Baby girl dies due to ”unacceptable” Caesarean section delay – inquest


A baby girl who died after her Caesarean section was delayed for three-and-a-half hours was the victim of ”unacceptable” neglect by NHS doctors, an inquest heard.

Tragic Natasha Knowles suffered severe brain damage as a result of the unnecessary delay and fell into a coma before dying aged just four days old.

The inquest heard that on the day she was born a decision was made with her parents Mark and Snezana to carry out a Caesarean section.

However, doctors failed to recategorise the operation from ”urgent” to ”emergency” and the three-and-a-half hour delay left Natasha’s brain starved of oxygen.

Recording a narrative verdict at an inquest held in Flax Bourton, Somerset, on Friday, deputy coroner Brian Whitehouse said there was a ”gross failure” by the NHS.
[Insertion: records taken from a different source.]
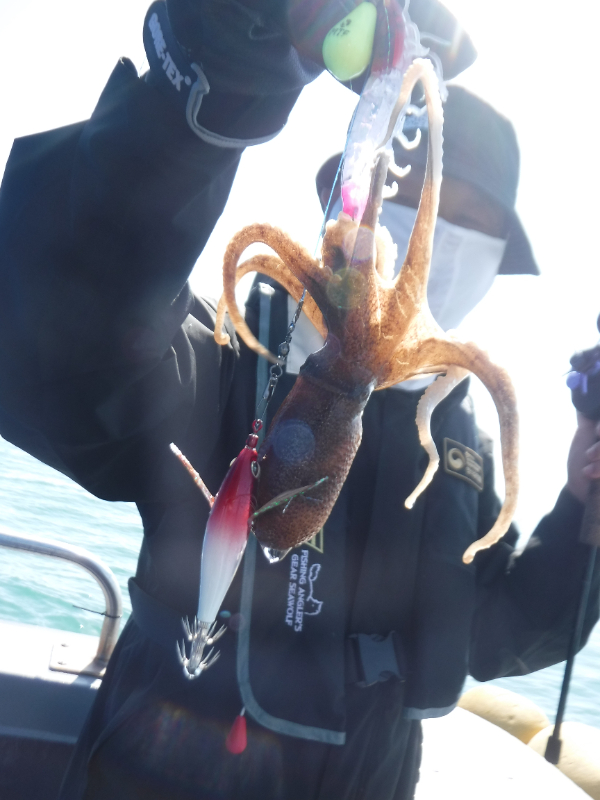 DSCF5350.JPG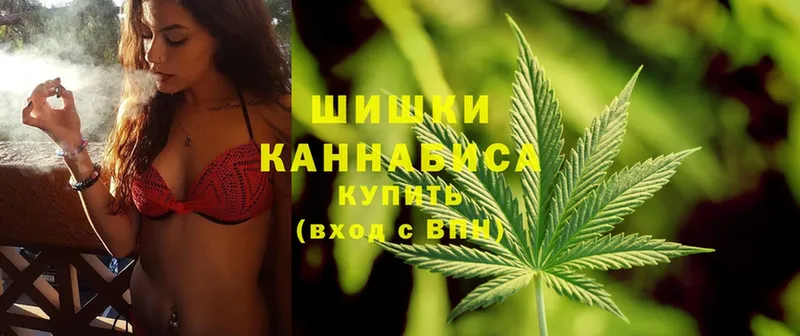 Конопля White Widow  закладки  Нерчинск 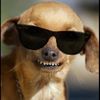 dogcaramelito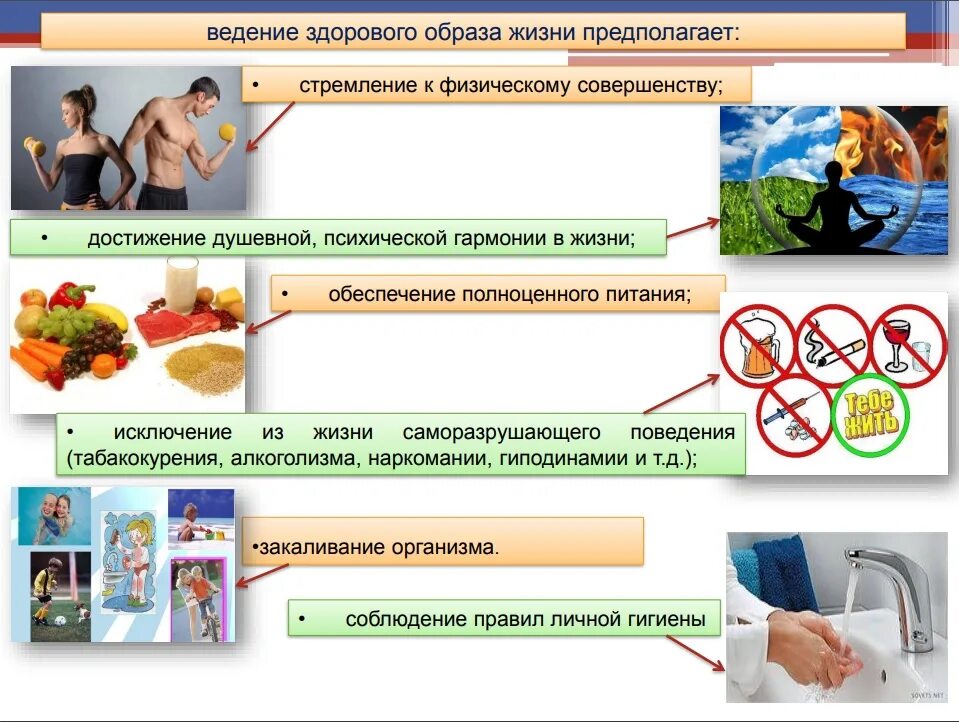 Программа здоровье жизнь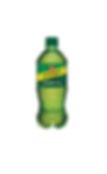 Schweppes Ginger Ale en Botellla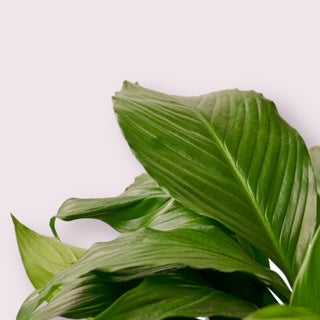 Peace Lily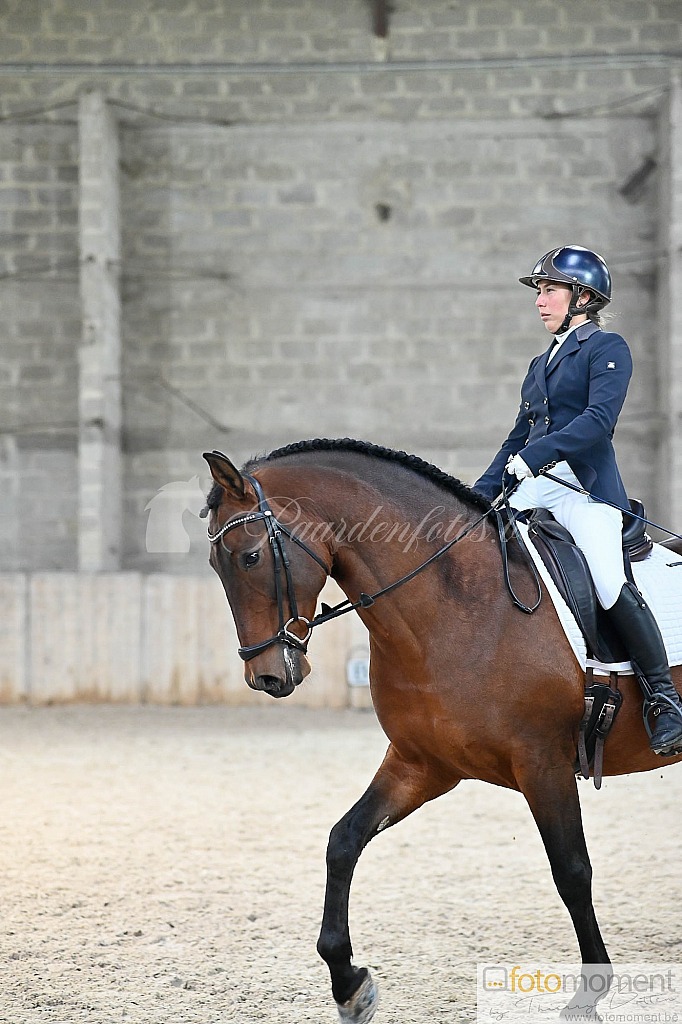 20211121_141415__D2C0047.jpg Challenge de Dressage Hiver IpSport 2021 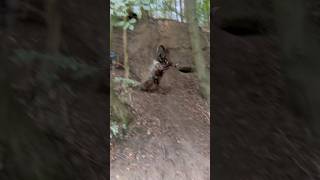 Bike smashing at its best motorcycle dirtbike fail [upl. by Salem]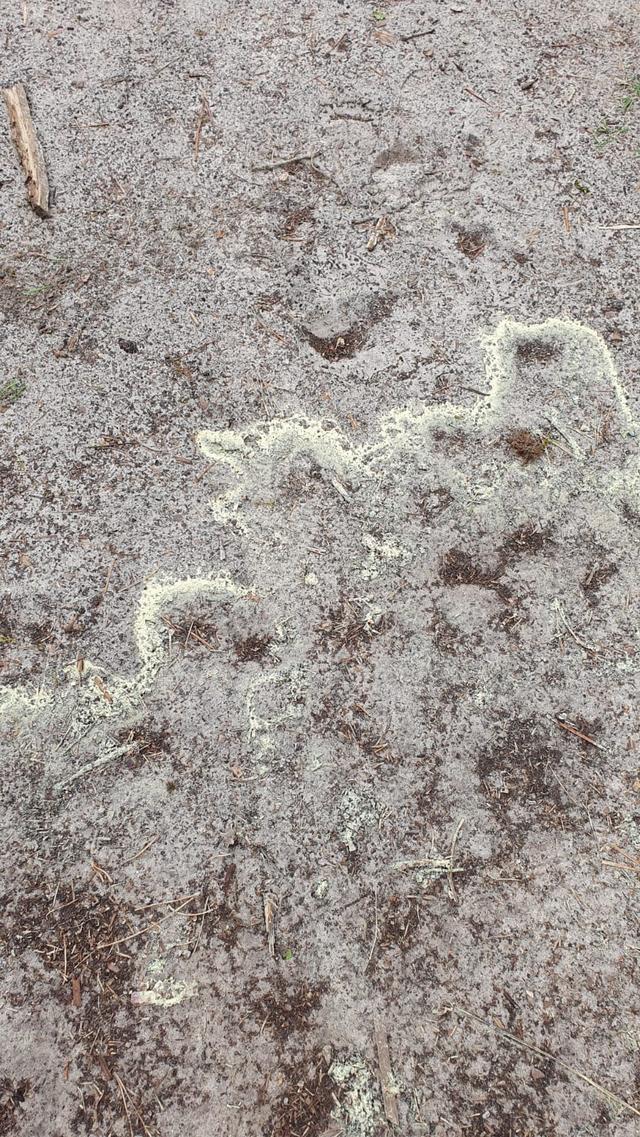 Picture for question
He said: ”The delay in performing the Caesarean section amounted to a gross failure to provide basic medical attention which significantly contributed to her death four days later.

”There’s overwhelming evidence that I’ve heard that this delay shouldn’t have occurred and that it was unacceptable.

”From the evidence I’m, somewhat reluctantly, persuaded that neglect did occur and that neglect significantly contributed to this little baby’s death.”

Natasha slipped into a coma and died at Southmead Hospital, Bristol, on February 11 2005 just four days after she was born.

A decision to carry out a Caesarean section was made at 11am on February 8 but the operation was not carried out until 2.23pm.

She was born not breathing and with no heartbeat because of the delay and fell into a coma.

Natasha’s parents made the difficult decision to turn off her life-support four days later.

Dr Chris Burton, medical director at North Bristol NHS Trust, offered his condolences and claimed ”lessons have been learned” from the tragedy.

He said: ”A full and thorough investigation was undertaken and as a result we made immediate and significant changes.

”Since Natasha’s death in 2005 the Trust has been continually improving practices and the lessons learnt from this tragic case have been incorporated in our training.”

Mark and Snezana declined to comment following the inquest.